Robert Pattinson has hinted he felt stuck in a rut until director David Cronenberg cast him in experimental film Cosmopolis.

The Twilight heartthrob plays a billionaire who conducts his life from his swanky limousine in the Canadian director's new film, where he is seen holding business meetings, seducing lovers and even having a prostate examination from his doctor.

R-Patz said: "As soon as you start existing in a certain world, you feel like you have tremendous amount of baggage all the time. You get stuck in this rut where you want people to think you're something else, but you're too scared to do what that is to actually be the other person.

"Then you get a gift like this movie where it's way easier than I thought it was. You just do it. It doesn't really matter if you fail."

The 26-year-old actor said the film "changed the way I see myself".

He added: "I got Twilight and it suddenly became a massively different world to navigate. Most people who get their big hit have figured out what their skills are, and I hadn't, really."
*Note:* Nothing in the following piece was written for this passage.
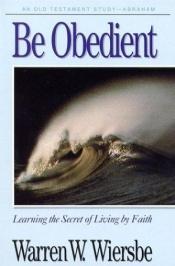 book cover of Be obedient by Warren W. Wiersbe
Meanwhile, Cronenberg revealed he had relied on Robert's Twilight fame to get interest in his film.

The director - whose previous three films, A History Of Violence, Eastern Promises and A Dangerous Method, all starred Viggo Mortensen - said: "Rob, he's popular.

"I couldn't have cast Rob without Twilight just as I couldn't have cast Viggo without Lord Of The Rings.

"The fact that somebody who has clout is willing to do a movie that's difficult is a gift to a director because you're not only getting the right guy as an actor, but you're getting financing interest and you get to make the movie. This is not an easy movie to get made."